Custom Training Loop
For most cases you would want to train your TensorFlow model using Keras API, i.e. model.compile
and model.fit
and its variation. This is basic and good enough, as you can specify the loss function, optimization algorithm, provide training/test data, and possibly a callback. Thought there are cases where you may want more control on the training process, for instance:
- new optimization algorithm
- easily modify gradients and how to calculate loss
- speedup training with all sort of tricks (e.g. teacher forcing)
- better hyperparameters tuning (e.g. use cyclic learning rate).

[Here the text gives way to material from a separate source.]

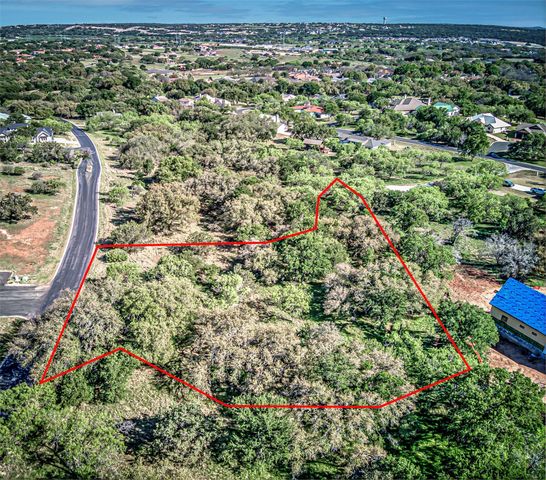 Lot W6040 Faultline DR, Horseshoe Bay, TX 78657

TensorFlow allow such customization through the GradientTape
API. Here is a typical example:
@tf.function
def training_loop(epochs, train_dataset, valid_dataset):
# on every epoch run on entire training and validation
for epoch in range(epochs):
# enumerate the training set in batches
for (batch, (features, labels)) in enumerate(train_dataset):
train_loss = 0
with tf.GradientTape() as tape:
# forward pass in training mode
logits = model(features, training=True)
# caculate batch loss function
loss = loss_func(labels, logits)
# backprobagation: calculate the gradients and apply them for each layer
grads = tape.gradient(loss, model.trainable_variables)
# cumulate training loss
train_loss += optimizer.apply_gradients(zip(grads, model.trainable_variables))
# calculate loss on validation set
valid_loss = 0
for (batch, (features, labels)) in enumerate(valid_dataset):
# forward pass in inference mode
logits = model(features, training=False)
# cumulate validation loss
valid_loss += loss_func(labels, logits)
What the code above is doing, is for every epoch it enumerates over the entire dataset in bacthes. For every batch, it does:
- A forward pass and record every operation in a tape
- Calculate the loss with respect to the actual labels
- Use recorded operations to perform a backpropagation and calulcate gradients
- Use the optimizer to adjust the layers weights by applying the gradients
Once, the pass on the entire training set finishes, the training loop performs a forward pass on the entire validation set in batches. For every batch, it does a forward pass and make sure the model is in an inference mode and calculate the validation loss of this epoch. It cumulates the losses to determine the validation loss of the current epoch.